Recently needed to extract a small "chunk" from a collection of adjacent MrSid mosaics, each about 4Gb in size. Once again, GDAL came to the rescue, and saved much time and agony wile working with very large, compressed, and proprietary-format files. Two lessons learned:

  1. The GDAL VRT format can save a lot of time and effort by providing access to a collection of files without actually altering the originals.
  2. ArcGIS 9.x does not like BigTIFF files. When file sizes approach or exceed 4Gb, the HFA format is a nice alternative.
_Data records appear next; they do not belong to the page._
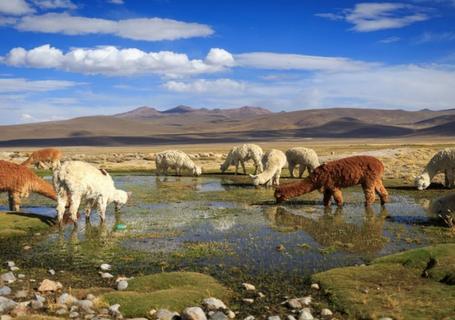 Colca Canyon & Andean Culture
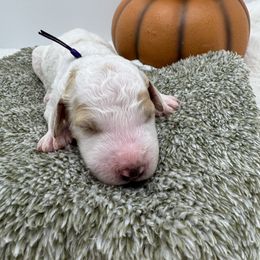 Purple collar - Parti female Goldendoodle puppy in Meridian, Mississippi from Smoodles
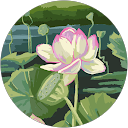 Mireille profile picture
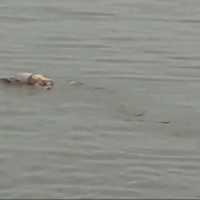 Momen Buaya Antar Jasad Balita yang Tenggelam di Sungai Mahakam Dalam Keadaan Utuh!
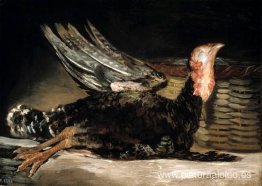 pavo muerto pavo muerto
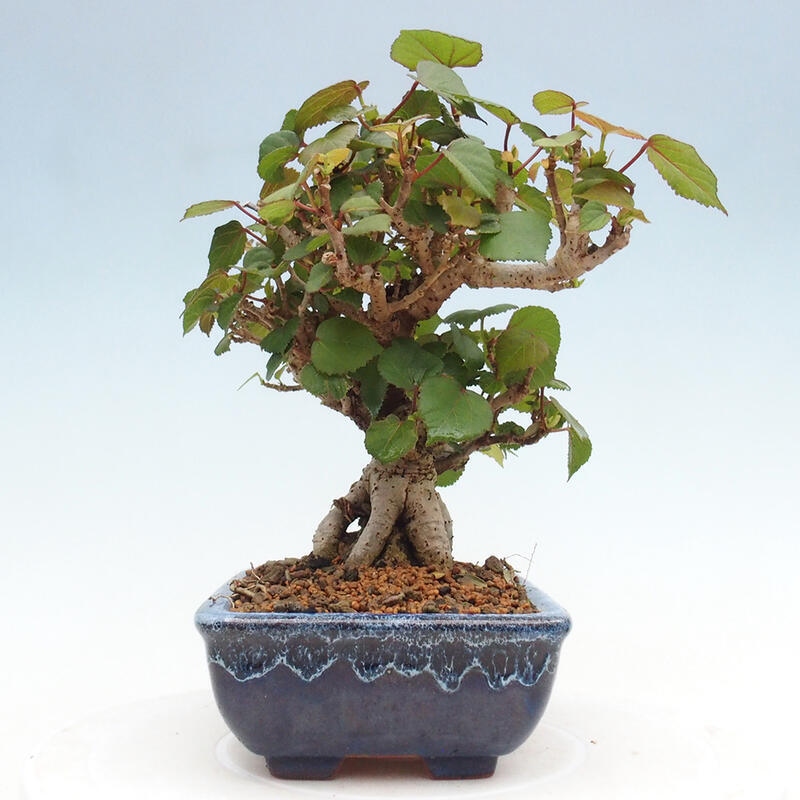 Indoor bonsai - Hibiscus tiliaceus - Hibiscus linden, sea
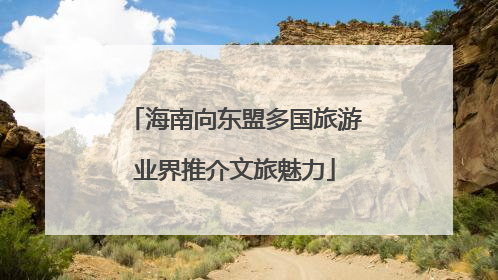海南向东盟多国旅游业界推介文旅魅力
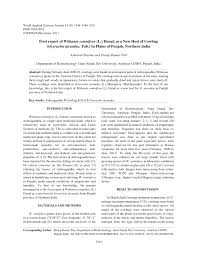 Image result for Oxyrhachis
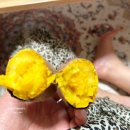 소문난야식 이미지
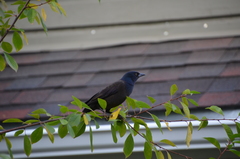Quiscalus quiscula
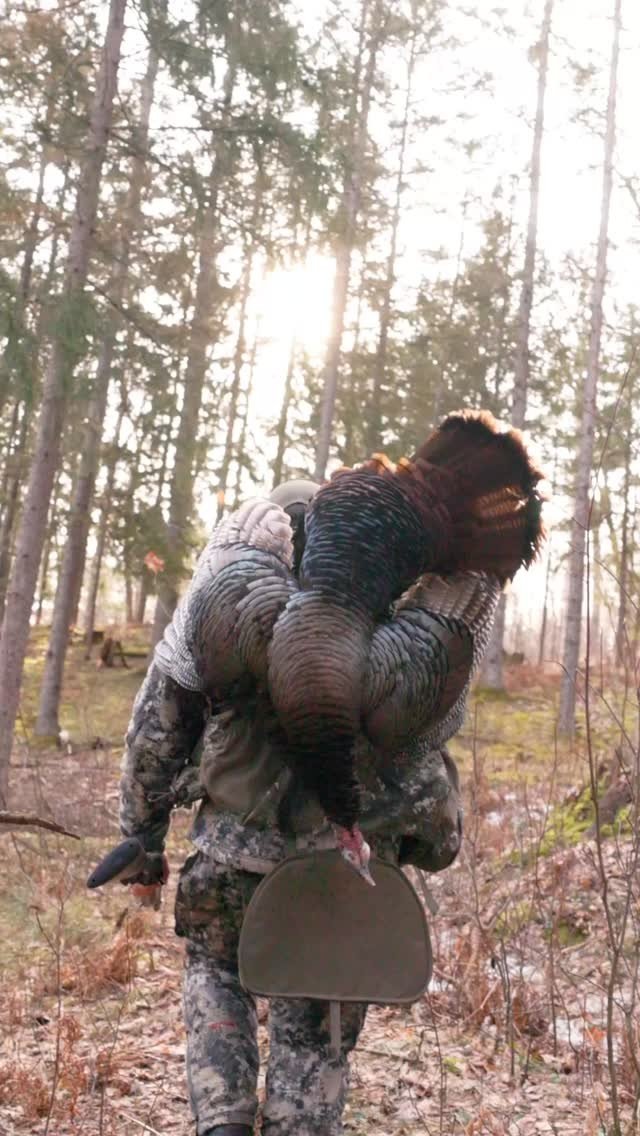 Walking out a few pounds heavier
#turkeyhunting #wisconsin #clip #hunting #filming #filmmaking #videography #shotoncanon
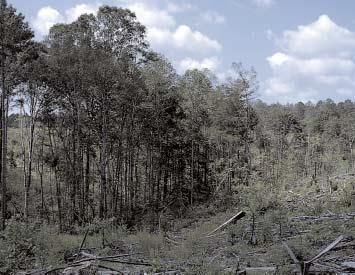 JOE MCGLINCY Narrow SMZs allow vegetation to get too dense which decreases wildlife use.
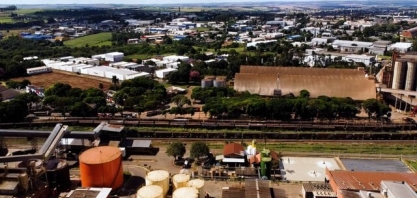 Geração de bioeletricidade de cana cresce 365% em MS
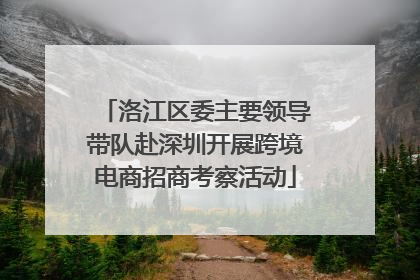 洛江区委主要领导带队赴深圳开展跨境电商招商考察活动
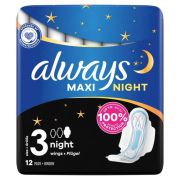 Always Night-12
 Have patience, subsetting a chunk out of 5 adjacent MrSid files (4Gb each) took about 7 hours. Fun experiment: extract sub-chunks from each of the constituent sid files and distribute across CPU cores.

Example Code

# check projections: OK all are NAD_1983_UTM_Zone_11N
for x in *.sid; do gdalinfo $x | grep "^PROJCS\[" ; done

# BBOX for sub-image
n=4122720
s=4017900
w=322890
e=389430

# make VRT combining all MrSid images
gdalbuildvrt -srcnodata "0" merged.vrt *.sid

# extract sub-region from VRT
# note format: ulx uly lrx lry
# works in QGIS, or other GDAL-based based GIS applications
gdal_translate --config GDAL_CACHEMAX 640 \
-ot Byte -of GTiff -a_nodata 0 \
-projwin 322890 4122720 389430 4017900 \
-co "TFW=YES" -co "COMPRESS=LZW" -co "BIGTIFF=YES" \
merged.vrt seki_merged.tif

# arcmap 9.x hates biftiffs! -- use HFA
# this has to be created from the source dataset, not the .tif above
# seems to work fine in ArcGIS 9.3
gdal_translate --config GDAL_CACHEMAX 640 \
-ot Byte -of HFA -a_nodata 0 \
-projwin 322890 4122720 389430 4017900 \
merged.vrt seki_merged.img